I've make a quick workaround for myself to enable the conversion of those japanese named files. This is very wrong, but it seems to work all right for me so far anyways. Here is what I did if anyone else wants to make a personal build of it.
I've basically forced the locale before opening the file and it properly openned and compacted the image. For reference:
#include <locale.h>
// Inside static pngquant_error read_image
setlocale(LC_ALL, ".65001");
Result:
$ ./pngquant.exe イメージ.png --verbose
イメージ.png:
read 5KB file
passing sRGB tag from the input
made histogram...2 colors found
eliminated opaque tRNS-chunk entries...0 entries transparent
mapped image to new colors...MSE=0.000 (Q=100)
writing 2-color image as イメージ-fs8.png
copied 1KB of additional PNG metadata
Quantized 1 image.
This is great! Thank you for the tip.
I have no experience with this, but just wanted to note that the docs for setlocale has a section on UTF-8 support that mentions this was added in a 2018 update of Windows 10 and requires static linking to support older Windows versions.
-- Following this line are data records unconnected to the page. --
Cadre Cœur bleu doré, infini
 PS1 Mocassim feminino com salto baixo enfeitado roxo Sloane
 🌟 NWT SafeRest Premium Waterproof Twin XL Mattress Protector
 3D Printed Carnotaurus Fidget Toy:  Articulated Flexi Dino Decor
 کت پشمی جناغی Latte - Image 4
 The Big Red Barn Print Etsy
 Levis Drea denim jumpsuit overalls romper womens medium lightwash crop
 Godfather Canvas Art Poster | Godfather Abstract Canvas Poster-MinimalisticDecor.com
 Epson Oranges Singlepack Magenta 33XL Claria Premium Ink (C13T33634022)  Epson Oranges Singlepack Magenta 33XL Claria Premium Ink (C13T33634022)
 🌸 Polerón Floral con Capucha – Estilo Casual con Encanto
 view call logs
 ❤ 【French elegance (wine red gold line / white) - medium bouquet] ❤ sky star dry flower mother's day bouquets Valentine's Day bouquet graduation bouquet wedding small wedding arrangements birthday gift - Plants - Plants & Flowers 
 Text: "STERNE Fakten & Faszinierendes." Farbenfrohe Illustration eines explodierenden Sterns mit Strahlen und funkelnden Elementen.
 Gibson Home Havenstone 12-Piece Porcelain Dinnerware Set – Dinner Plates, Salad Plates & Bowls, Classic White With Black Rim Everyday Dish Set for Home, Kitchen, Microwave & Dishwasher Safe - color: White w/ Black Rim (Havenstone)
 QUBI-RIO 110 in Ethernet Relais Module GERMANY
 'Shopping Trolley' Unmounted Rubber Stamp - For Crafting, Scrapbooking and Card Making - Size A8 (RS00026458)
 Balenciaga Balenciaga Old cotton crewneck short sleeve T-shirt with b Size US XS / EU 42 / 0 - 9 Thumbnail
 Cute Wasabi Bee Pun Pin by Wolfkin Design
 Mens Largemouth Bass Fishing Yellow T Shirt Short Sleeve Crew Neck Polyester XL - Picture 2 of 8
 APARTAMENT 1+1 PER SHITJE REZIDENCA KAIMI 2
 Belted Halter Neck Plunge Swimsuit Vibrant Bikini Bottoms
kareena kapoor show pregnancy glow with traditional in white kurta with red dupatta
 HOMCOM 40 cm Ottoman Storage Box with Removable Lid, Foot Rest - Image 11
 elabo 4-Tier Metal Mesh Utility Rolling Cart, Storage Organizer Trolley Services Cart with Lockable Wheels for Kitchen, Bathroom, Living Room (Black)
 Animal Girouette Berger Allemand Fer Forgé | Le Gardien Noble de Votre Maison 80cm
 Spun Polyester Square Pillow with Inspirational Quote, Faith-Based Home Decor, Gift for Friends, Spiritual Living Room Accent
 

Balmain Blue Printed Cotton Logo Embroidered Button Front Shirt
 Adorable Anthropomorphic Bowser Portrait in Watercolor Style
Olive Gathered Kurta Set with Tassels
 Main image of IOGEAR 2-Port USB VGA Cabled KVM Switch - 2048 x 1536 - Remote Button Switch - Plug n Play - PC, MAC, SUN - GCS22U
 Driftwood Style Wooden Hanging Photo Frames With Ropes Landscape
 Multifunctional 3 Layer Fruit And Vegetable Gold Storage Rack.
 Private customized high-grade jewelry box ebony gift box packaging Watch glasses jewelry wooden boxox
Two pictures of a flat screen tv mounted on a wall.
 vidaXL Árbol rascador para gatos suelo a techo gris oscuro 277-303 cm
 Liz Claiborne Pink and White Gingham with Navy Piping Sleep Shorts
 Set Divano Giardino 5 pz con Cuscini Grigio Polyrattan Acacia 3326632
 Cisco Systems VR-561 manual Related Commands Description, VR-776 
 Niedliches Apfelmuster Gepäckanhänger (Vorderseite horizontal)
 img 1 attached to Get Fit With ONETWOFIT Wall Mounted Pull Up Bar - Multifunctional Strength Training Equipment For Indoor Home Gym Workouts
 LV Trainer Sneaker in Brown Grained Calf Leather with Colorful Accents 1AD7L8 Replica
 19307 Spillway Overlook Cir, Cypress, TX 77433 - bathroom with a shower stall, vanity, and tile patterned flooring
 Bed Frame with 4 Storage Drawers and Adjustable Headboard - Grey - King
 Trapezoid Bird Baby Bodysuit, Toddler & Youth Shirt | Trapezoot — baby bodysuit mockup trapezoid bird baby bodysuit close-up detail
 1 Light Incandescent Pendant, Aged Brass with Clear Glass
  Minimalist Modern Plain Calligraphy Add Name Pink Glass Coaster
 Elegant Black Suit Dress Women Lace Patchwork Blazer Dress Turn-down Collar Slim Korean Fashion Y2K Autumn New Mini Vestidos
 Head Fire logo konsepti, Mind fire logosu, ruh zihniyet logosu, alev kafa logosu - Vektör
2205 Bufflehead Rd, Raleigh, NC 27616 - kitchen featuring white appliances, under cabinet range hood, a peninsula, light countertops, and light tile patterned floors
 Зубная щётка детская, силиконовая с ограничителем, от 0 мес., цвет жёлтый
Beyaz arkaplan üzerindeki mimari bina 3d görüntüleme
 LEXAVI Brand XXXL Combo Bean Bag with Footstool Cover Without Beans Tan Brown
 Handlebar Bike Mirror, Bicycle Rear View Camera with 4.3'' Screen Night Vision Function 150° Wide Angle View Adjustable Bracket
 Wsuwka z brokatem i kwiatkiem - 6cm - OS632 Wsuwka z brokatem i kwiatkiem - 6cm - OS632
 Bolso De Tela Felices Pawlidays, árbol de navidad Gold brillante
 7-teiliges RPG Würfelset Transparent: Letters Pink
I've released 2.15.0 with this fix
Not sure if this is a windows problem or pngquant one but when trying to unpack any images that contain japanese characters in its name it cannot read the file. The GUI tool works fine, only the cli tool doesn't in this case.
I've tried using the normal windows terminal, git bash and cygwin to see if there was any difference but the same thing happens on all of them. I can properly compress the image if I rename it to contain only ascii characters.